* **What the task asks**
From the line containing "I Got High - Zipline Cards" through the last line of the entries, output the text exactly. Pictures stay out.

---------- Record set ----------

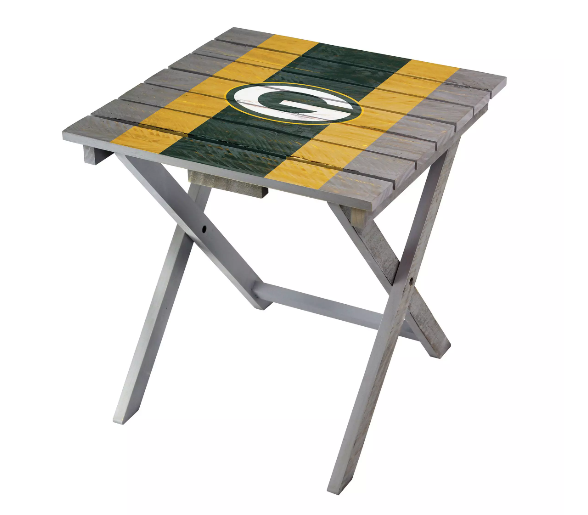 Imperial Green Bay Packers Folding Adirondack Table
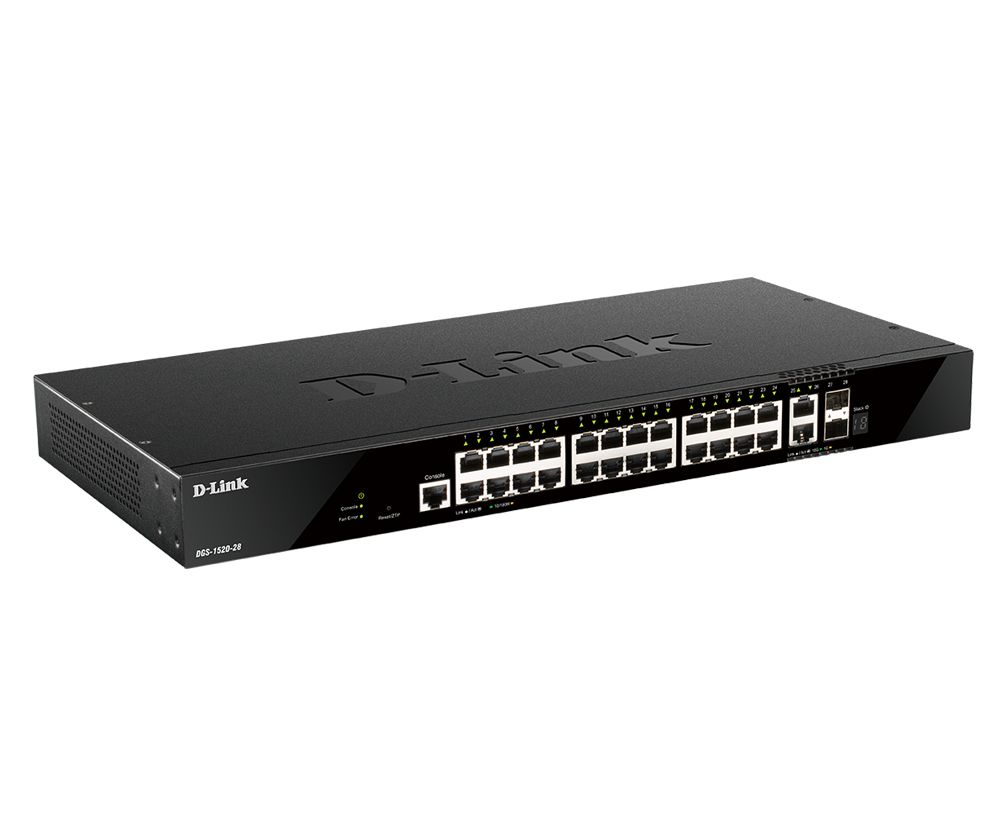24 PORTS GE + 2 10GE PORTS + 2 SFP+ MANAGED SWITCH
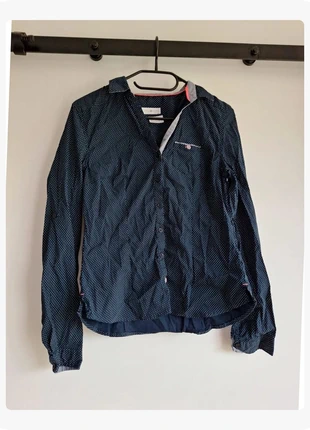 R0330.Chemise bleu marine à pois Cache Cache T34, marque: Cache Cache, état: Très bon état, taille: XS / 34 / 6, 4,00 €, 4,90 € Protection acheteurs (Pro) incluse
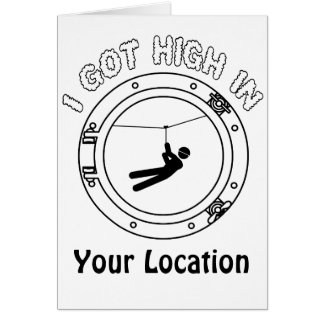 I Got High - Zipline Cards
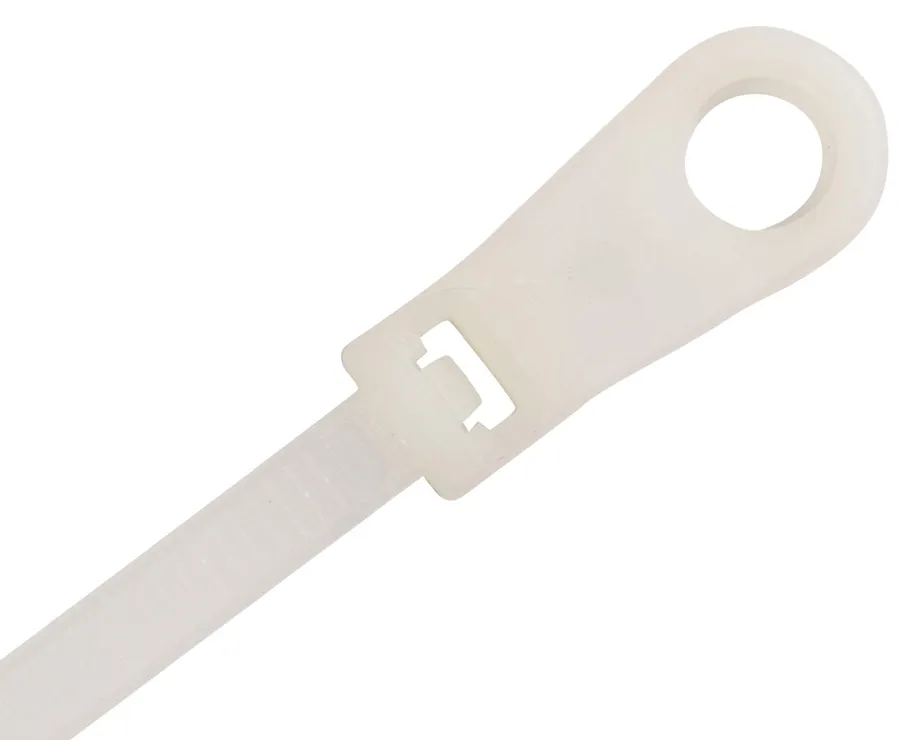 NYLON CABLE TIE MOUNT HEAD 400X7.6MM NAT (pack of 100)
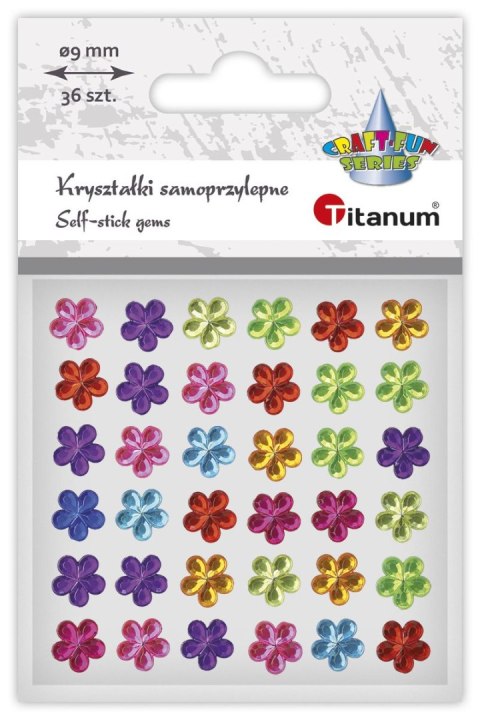 Kryształki Craft-Fun Series kwiatki mix Titanum (24SL0395) Kryształki Craft-Fun Series kwiatki mix Titanum (24SL0395)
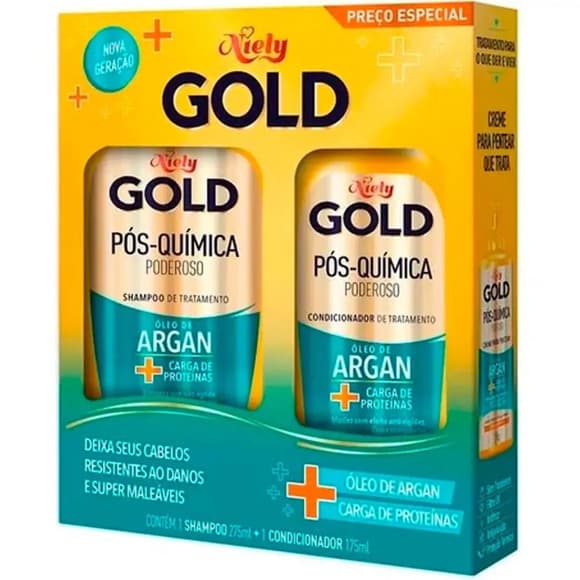 KIT NIELY GOLD SH+CO OLEO DE ARGAN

----------

* **Output of the task**
 I Got High - Zipline Cards
 NYLON CABLE TIE MOUNT HEAD 400X7.6MM NAT (pack of 100)
 Kryształki Craft-Fun Series kwiatki mix Titanum (24SL0395) Kryształki Craft-Fun Series kwiatki mix Titanum (24SL0395)
 KIT NIELY GOLD SH+CO OLEO DE ARGAN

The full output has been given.